In addition, according to an embodiment of the present disclosure, the user may update a control algorithm or learning model of the existing wireless vacuum cleaner 3000 to a latest version without purchasing a new wireless vacuum cleaner 3000, thereby improving user convenience of the wireless vacuum cleaner 3000.

The station 2000 may download, to the wireless vacuum cleaner 3000, the new version of software related to control of the wireless vacuum cleaner 3000 so that the software of the wireless vacuum cleaner 3000 may be updated.

FIG. 4A is a diagram for describing a station and a cleaner body according to an embodiment of the present disclosure.

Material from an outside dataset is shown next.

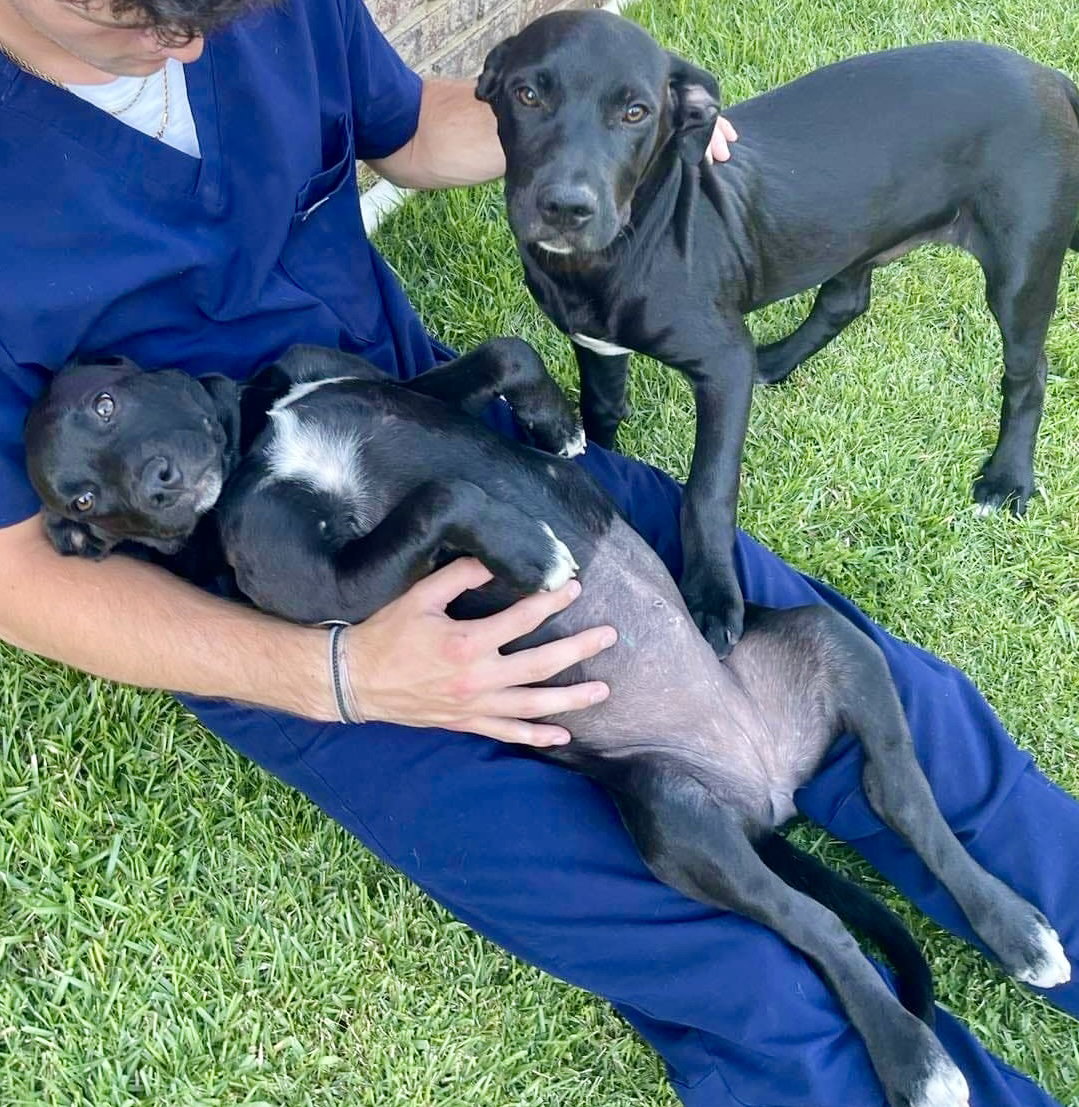 Dog for Adoption Andrea, a Black Labrador Retriever in Baldwyn, MS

Referring to FIG. 4A, a main printed board assembled (PBA) 200 of the station 2000, according to an embodiment of the present disclosure, may include a communication interface 201, a memory 202, a pressure sensor 206, and at least one processor 203. The at least one processor 203 may be referred to as “station processor”. In addition, the station 2000 may further include a user interface 204, a wired connector 205, a second suction motor 207, a power supply device 208, a flow path 209 connected to the dust bin of the cleaner body 1000, a charging terminal 211 for charging the battery 150 of the cleaner body 1000, a dust collector coupling portion, a collection portion 212, a filter portion, or the like. The second suction motor 207 is referred to as the second suction motor 207 to distinguish the second suction motor 207 from the first suction motor 111 of the cleaner body 1000. Each of the elements is discussed below.

The station 2000 may include the communication interface 201 for performing communication with external devices. For example, the station 2000 may communicate with the cleaner body 1000 of the wireless vacuum cleaner 3000 or the server 4000 through the communication interface 201. In this case, the communication interface 201 may communicate with the server 4000 through a first communication scheme (e.g., Wi-Fi communication scheme) and communicate with the cleaner body 1000 through a second communication scheme (e.g., BLE communication scheme).

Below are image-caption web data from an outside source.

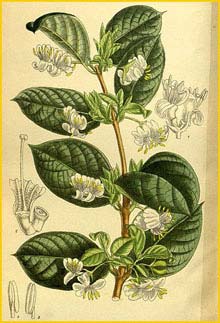   ( Lonicera fragrantissima ) Curtis's Botanical Magazine 1914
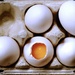 Egg-sposed (i) by moonbi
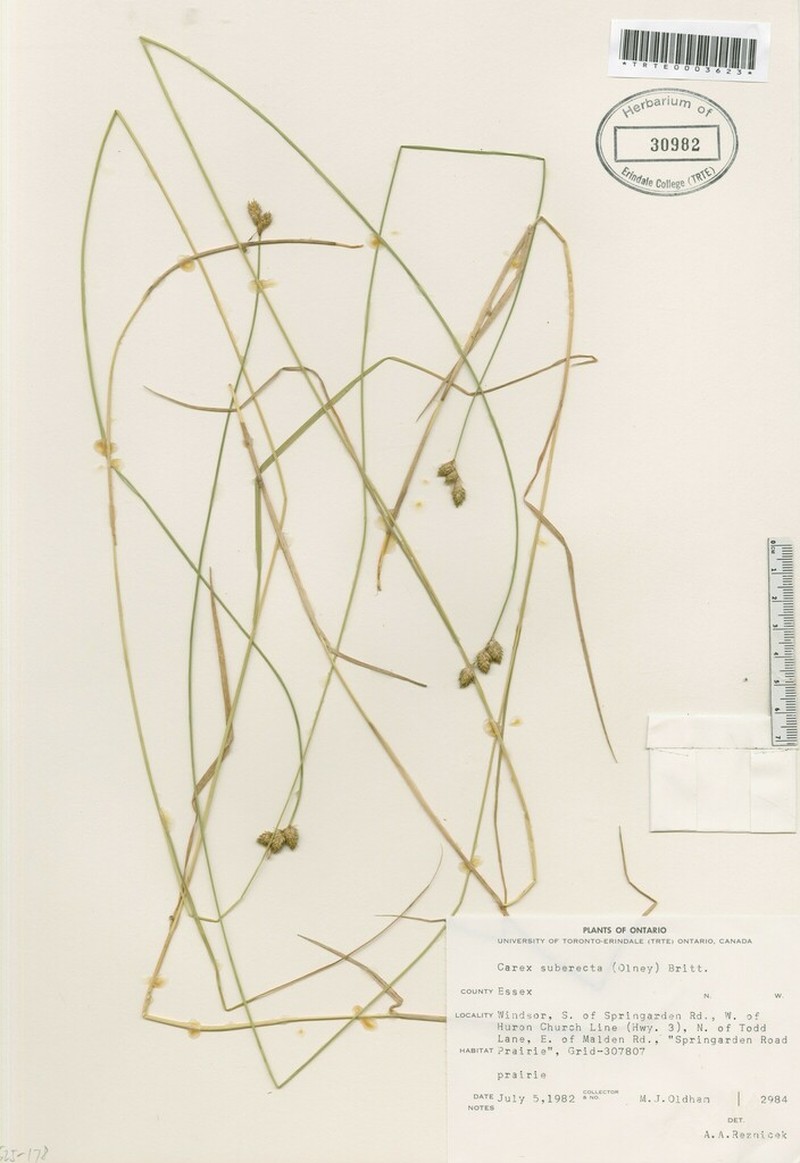 Prairie Straw Sedge photo 4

The communication interface 201 may include a short-range wireless communication interface, a long-distance communication interface, or the like. The short-range wireless communication interface may include a Bluetooth communication interface, a BLE communication interface, a near field communication (NFC) interface, a Wi-Fi local area network (WLAN) communication interface, a Zigbee communication interface, an infrared data association (IrDA) communication interface, a Wi-Fi Direct (WFD) communication interface, a ultra wideband (UWB) communication interface, an Ant+ communication interface, or the like, but is not limited thereto. The long-distance communication interface may be used by the station 2000 to remotely communicate with the server 4000. The long-distance communication interface may include the Internet, a computer network (e.g., LAN or WAN), and a mobile communication interface. The mobile communication interface may include a 3G module, a 4G module, a 5G module, a long-term evolution (LTE) module, a narrowband Internet-of-Things (NB-IoT) module, an LTE Machine Type Communication (LTE-M) module, or the like, but is not limited thereto.

The communication interface 201 may transmit data to the at least one processor 203 through a universal asynchronous receiver/transmitter (UART), which is asynchronous communication, but the communication scheme is not limited thereto.

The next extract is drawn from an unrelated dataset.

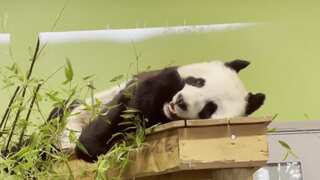 WATCH | Scotland’s Edinburgh Zoo bids farewell to giant pandas as they return to China after 12 years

The memory 202 of the station 2000 may store programs (e.g., one or more instructions) for the at least one processor 203 to generally control operations of the wireless vacuum cleaner 3000 and/or the station 2000, and may store input/output data. For example, the memory 202 of the station 2000 may include software related to control of the station 2000, state data of the second suction motor 207, measurement values of the pressure sensor 206, error occurrence data (failure history data), type of an operation event, battery charging-related information—charging interval, recent compensation charging time point data, or charging level of the battery 150 at the time of recent compensation charging—or the like, but is not limited thereto. The memory 202 of the station 2000 may store data received from the cleaner body 1000. For example, the memory 202 may store product information (e.g., identification information, model information, etc.) of the wireless vacuum cleaner 3000 mounted on the station 2000, version information of software installed in the wireless vacuum cleaner 3000, error occurrence data (failure history data) of the wireless vacuum cleaner 3000, charging-related information of the battery 150, or the like.

The memory 202 may include a storage medium of at least one type from among a flash memory type, a hard disk type, a multimedia card micro type, a card type (e.g., secure digital (SD) or extreme digital (XD) memory), random access memory (RAM), static RAM (SRAM), read-only memory (ROM), electrically erasable programmable ROM (EEPROM), programmable read-only memory (PROM), magnetic memory, magnetic disk, or optical disk. Programs stored in the memory 202 may be classified into a plurality of modules according to functions thereof.

The station 2000 may include the main PBA 200, and the main PBA 200 may include the at least one processor 203. The station 2000 may include one processor or may include a plurality of processors. The at least one processor 203 according to the present disclosure may include at least one of a central processing unit (CPU), a graphics processing unit (GPU), an accelerated processing unit (APU), a many integrated core (MIC), a digital signal processor (DSP), or a neural processing unit (NPU). The at least one processor 203 may be implemented in the form of an integrated system-on-chip (SoC) including one or more electronic components. Each of the at least one processor 203 may also be implemented as separate hardware (H/W). The at least one processor 203 may be represented as a microprocessor controller (MICOM), a microprocessor unit (MPU), a micro controller unit (MCU).

The at least one processor 203 according to the present disclosure may be implemented as a single core processor or may be implemented as a multicore processor.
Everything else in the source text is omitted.